Si les robots humanoïdes nous fascinent, leur utilité a longtemps été mise en question : pourquoi s’ennuyer à fabriquer des robots humanoïdes tandis qu’un bras robotique géant ou un robot roulant remplissent parfaitement leur mission? Les robots anthropomorphiques ont pourtant des avantages bien réels, en particulier lorsqu’il s’agit de faire collaborer homme et machine, selon Lionel Robert. «De nombreuses études montrent que les humains se sentent davantage en confiance, moins stressés et plus à l’aise en présence d’un robot humanoïde que d’une simple machine.»

Les robots dotés d’un visage et d’un corps humanoïde peuvent plus facilement interagir avec les humains, et la collaboration s’en trouve facilitée: ils peuvent recourir à des expressions faciales ou à des gestes pour indiquer leurs intentions, là où les robots traditionnels doivent se contenter de la voix, voire d’un simple signal sonore ou lumineux. L’entreprise Agility, qui se trouve derrière le robot Digit déployé dans les entrepôts d’Amazon, a ainsi récemment annoncé que son robot serait bientôt doté d’un visage humain basique pour témoigner de ses intentions, braquant par exemple ses yeux dans une direction pour indiquer aux humains où il se dirige.

Les robots humanoïdes ont également pour avantage de pouvoir évoluer dans le même environnement que les humains : capables de monter des escaliers, d’évoluer sur un sol inégal, de se glisser dans des espaces étroits, de s’agenouiller et de lever les bras pour attraper des objets en hauteur, contrairement aux robots sur roues ou chenilles, ils peuvent donc être ajoutés à un espace de travail existant sans nécessiter de lourds travaux pour permettre leur introduction. «Amazon peut ainsi intégrer très facilement des robots anthropomorphiques dans ses entrepôts», note Lionel Robert.

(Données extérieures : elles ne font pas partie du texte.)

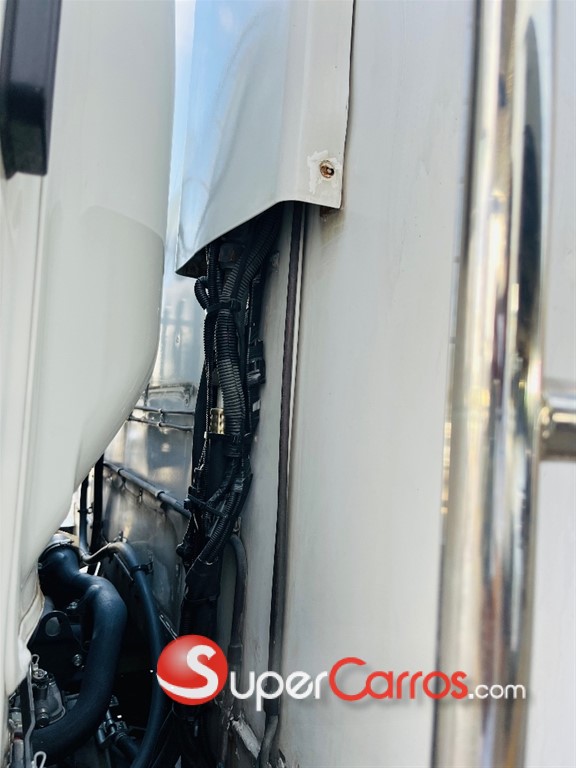 2026 Isuzu NQR 16 Pies — foto 9 / 12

Là où brilleront les robots humanoïdes

L’initiative d’Amazon en témoigne: l’un des premiers secteurs où les robots anthropomorphiques vont pouvoir exprimer leur plein potentiel est celui des entrepôts et de la logistique. Agility, Figure AI et Boston Dynamiques conçoivent toutes des robots humanoïdes taillés pour déplacer des objets et assister les travailleurs humains dans ce type d’environnement. Ces robots pourront notamment venir soulager les entrepôts qui ne parviennent pas à embaucher suffisamment de travailleurs, où ils pourront porter des charges lourdes et effectuer des gestes répétitifs, deux activités qui génèrent des risques de blessures pour les humains. Selon une étude conduite l’an dernier aux États-Unis, 73% des entrepôts ne parvenaient pas à satisfaire leurs besoins en main-d’œuvre.

De manière plus prospective, les robots humanoïdes pourraient demain s’intégrer à un système de livraison entièrement automatisé, avec des véhicules autonomes et un robot humanoïde à bord chargé de débarquer le colis et de le déposer sur le pas de la porte.

Mais le domaine le plus intéressant pour les robots humanoïdes est celui de la santé et de l’aide à domicile, selon Lionel Robert. «De nombreux pays font face à un vieillissement de leur population, et risquent bientôt de se retrouver avec des actifs trop peu nombreux pour répondre aux besoins des personnes âgées. Un robot humanoïde peut constituer une excellente aide à domicile, chargée de veiller en permanence sur la personne, de vérifier qu’elle prend bien ses médicaments, l’aider à se mouvoir, faire de l’exercice, jouer à des jeux… Pour des personnes isolées qui ne reçoivent la visite d’une aide à domicile qu’une ou deux fois par semaine, cela peut être un moyen de rester autonome plus longtemps, et donc de rester chez soi jusqu’à un âge plus avancé», affirme Lionel Robert.

Or, des études montrent non seulement que les seniors souhaitent rester chez eux le plus longtemps possible plutôt que d’être placés en établissement spécialisé, mais aussi que ceux qui y parviennent vivent plus longtemps et en meilleure santé. Loin des scenarii à la Terminator, les robots humanoïdes pourraient donc bien devenir les meilleurs amis de l’homme.